■ Task to complete ■
Output each line of the data below exactly, omitting any image.

■ Pictures with short captions ■
··········

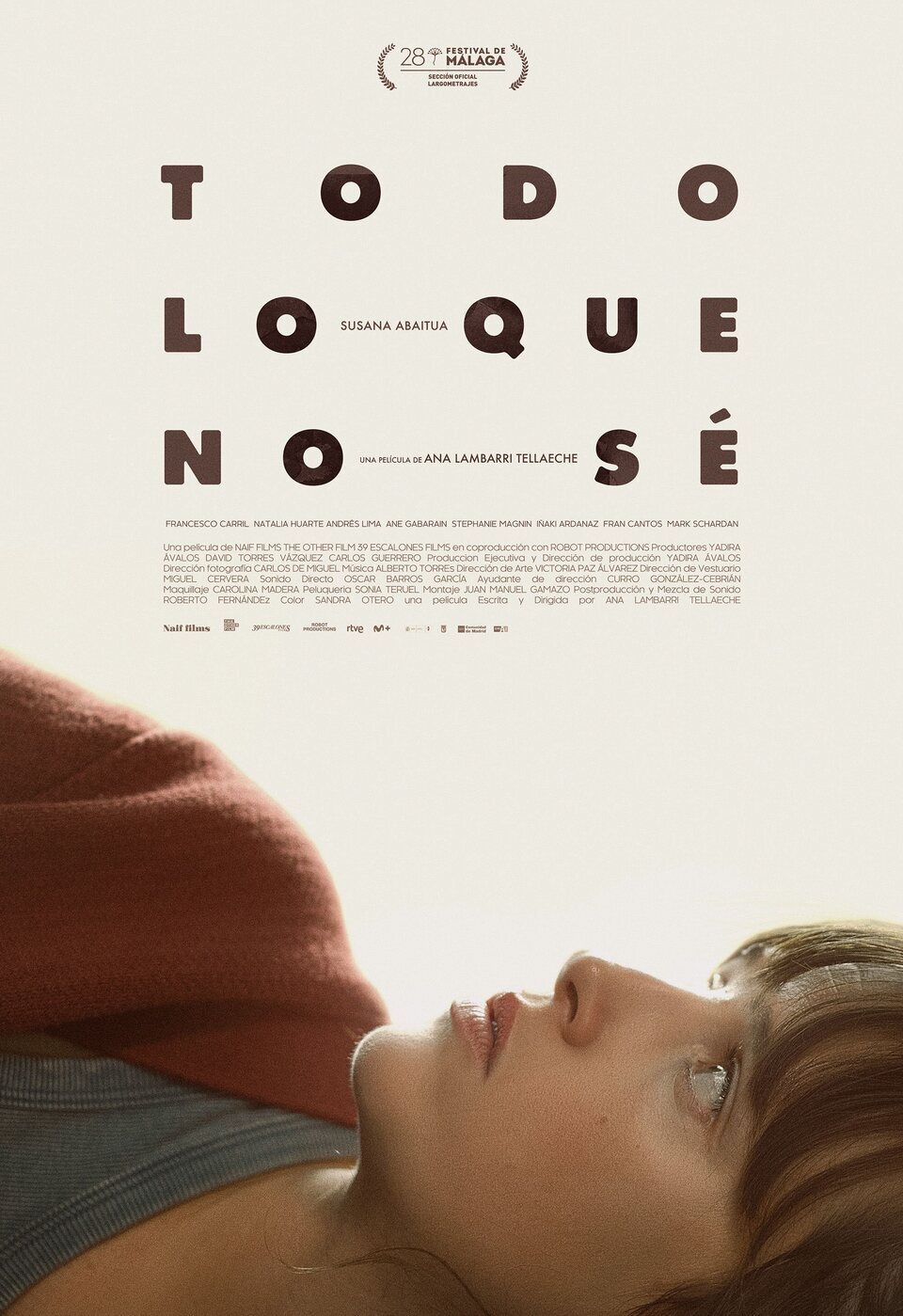 Cartel de Todo lo que no sé - Póster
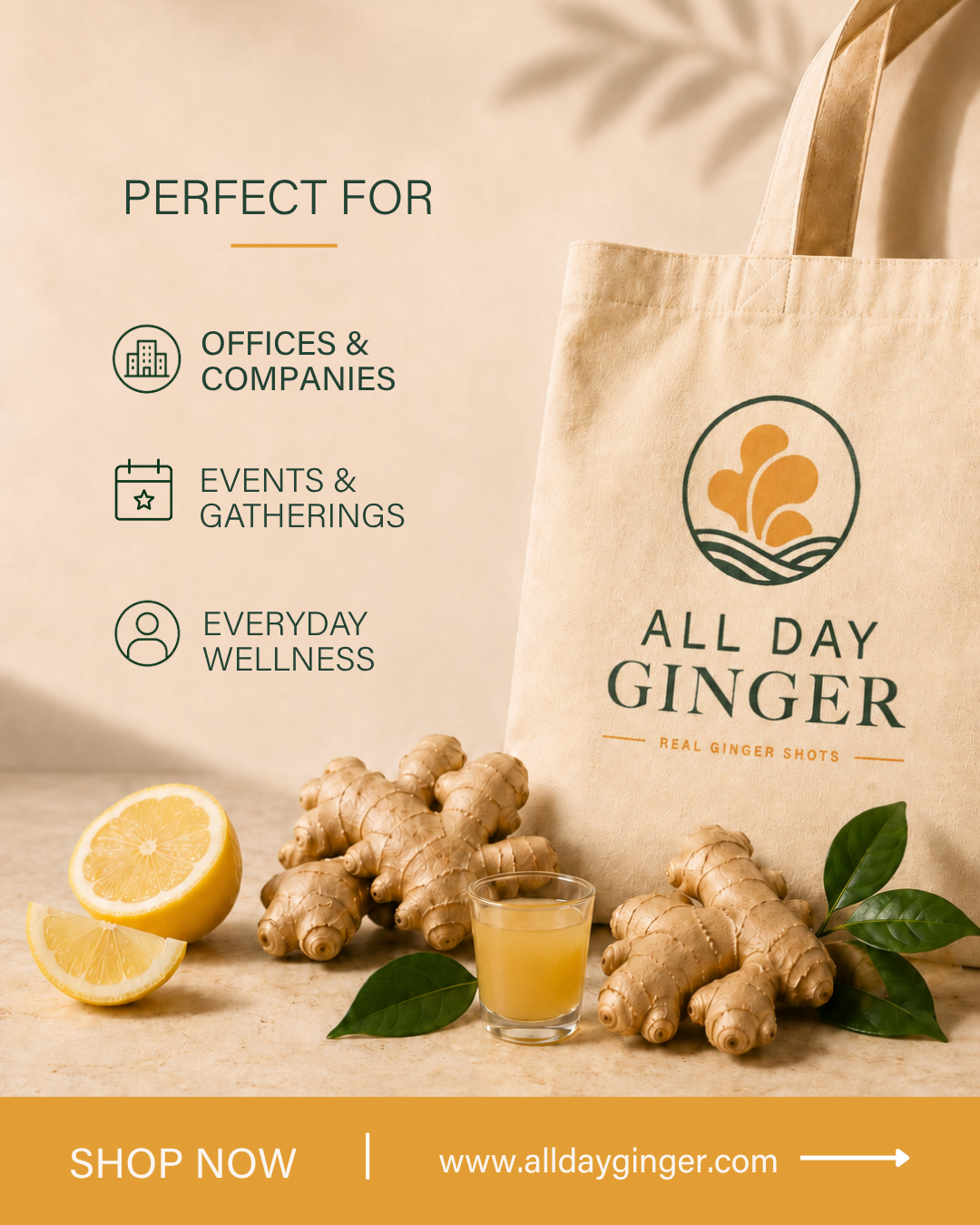 All Day Ginger — Instagram post 06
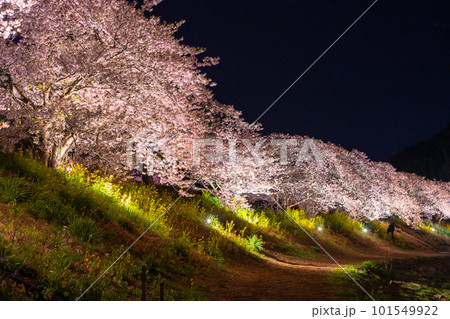 《静岡県》満開の河津桜・夜桜輝く南伊豆町 101549922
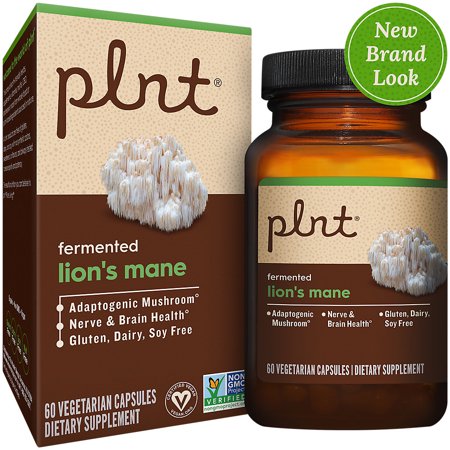Fermented Lion s Mane - Adaptogenic Mushroom for Nerve & Brain Health Support (60 Capsules)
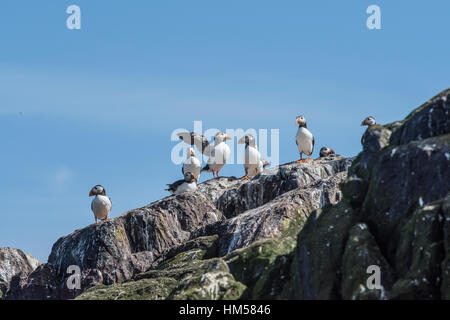 I puffini sulla scogliera, Isola di fiocco, farne Islands Foto Stock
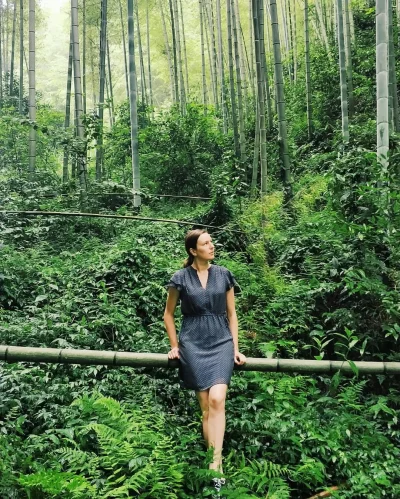 nomadbynature - W lesie bambusowym w Chinach, Guangxi. Rosną tam dziko krzewy herbaty...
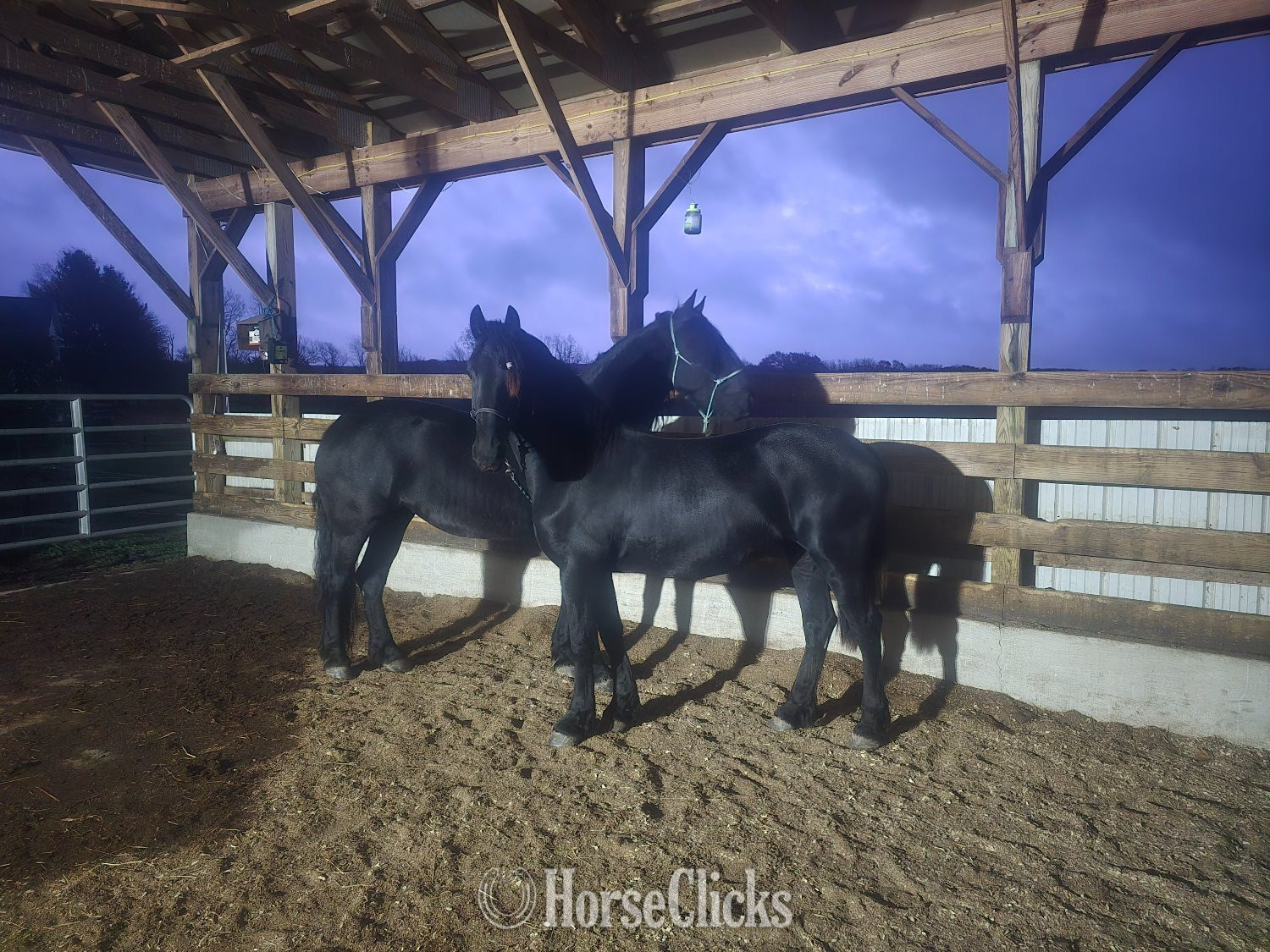 "Hope and Onyx" Black Mare Friesian - Friesian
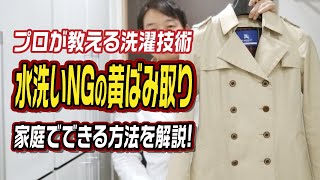 プロが教える洗濯技術 水洗いNGの黄ばみ取り 家庭でできる方法を解説！ [upl. by Harold558]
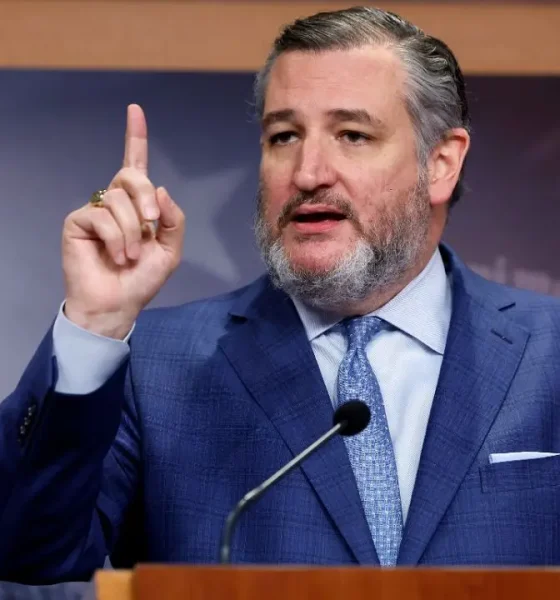 Ted Cruz slams Trump's proposed Spirit Airlines government bailout plan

··········

■ Solution for this exercise ■
 Cartel de Todo lo que no sé - Póster
 All Day Ginger — Instagram post 06
 《静岡県》満開の河津桜・夜桜輝く南伊豆町 101549922
Fermented Lion s Mane - Adaptogenic Mushroom for Nerve & Brain Health Support (60 Capsules)
 I puffini sulla scogliera, Isola di fiocco, farne Islands Foto Stock
 nomadbynature - W lesie bambusowym w Chinach, Guangxi. Rosną tam dziko krzewy herbaty...
 "Hope and Onyx" Black Mare Friesian - Friesian
 プロが教える洗濯技術 水洗いNGの黄ばみ取り 家庭でできる方法を解説！ [upl. by Harold558]
 Ted Cruz slams Trump's proposed Spirit Airlines government bailout plan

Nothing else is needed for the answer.